2. Soweit sich der Schuldner im Blick auf Art. 103 Abs. 1 GG darauf beruft, nicht über den Inhalt des Vermögensverzeichnisses im Bilde zu sein, greift ebenfalls ein Zulassungsgrund nicht durch.
a) Diese Rüge ist schon deshalb nicht entscheidungserheblich, weil der Schuldner aufgrund der seinem Bevollmächtigten gewährten Akteneinsicht über den Inhalt des Vermögensverzeichnisses orientiert ist. Die Akteneinsicht diente ausweislich des Antrags ausdrücklich dem Zweck, den Schuldner über den Inhalt der Vermögensübersicht in Kenntnis zu setzen.
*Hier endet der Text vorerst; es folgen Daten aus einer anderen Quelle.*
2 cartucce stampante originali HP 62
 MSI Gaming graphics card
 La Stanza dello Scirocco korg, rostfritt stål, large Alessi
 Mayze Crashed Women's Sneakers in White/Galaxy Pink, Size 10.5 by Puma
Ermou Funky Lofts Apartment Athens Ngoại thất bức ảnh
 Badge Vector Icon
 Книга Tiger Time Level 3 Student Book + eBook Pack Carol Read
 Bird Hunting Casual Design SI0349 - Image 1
Infolge der tatsächlich vorgenommenen Akteneinsicht kann sich der Schuldner nicht auf eine unzureichende Unterrichtung berufen.
b) Davon abgesehen ist der Schuldner in dem Termin zur Abgabe der Eidesstattlichen Versicherung über den Umfang des Verfahrens und den Zweck seiner Erklärung zu belehren. Anschließend hat der Richter die Vermögensübersicht mit dem Schuldner im Einzelnen durchzugehen (MünchKomm-InsO/Füchsl/Weishäupl, InsO 2. Aufl. § 153 Rn. 24). Diese Vorgehensweise gewährleistet, dass der Schuldner in Einklang mit Art. 103 Abs. 1 GG über die von ihm verlangten Auskünfte ins Bild gesetzt wird. Falls sich der Schuldner trotz gehöriger Anspannung seines Gedächtnisses außerstande sieht, zu bestimmten Buchungen eine Erklärung abzugeben, kann er sich ohne die Gefahr einer Strafbarkeit auf seine Unkenntnis berufen. Vermag der Schuldner keine sicheren Auskünfte zu geben, ist seiner Offenbarungspflicht genügt, wenn er dabei nach "bestem Wissen" gehandelt hat (LG Frankfurt, aaO).
3. Die vermeintliche Divergenz zu Entscheidungen des Bundesgerichtshofs (BGHZ 162, 187, 197; BGH, Urt. v. 14. August 2008 - I ZB 10/07, NJW 2008, 3504) ist nicht ansatzweise dargelegt.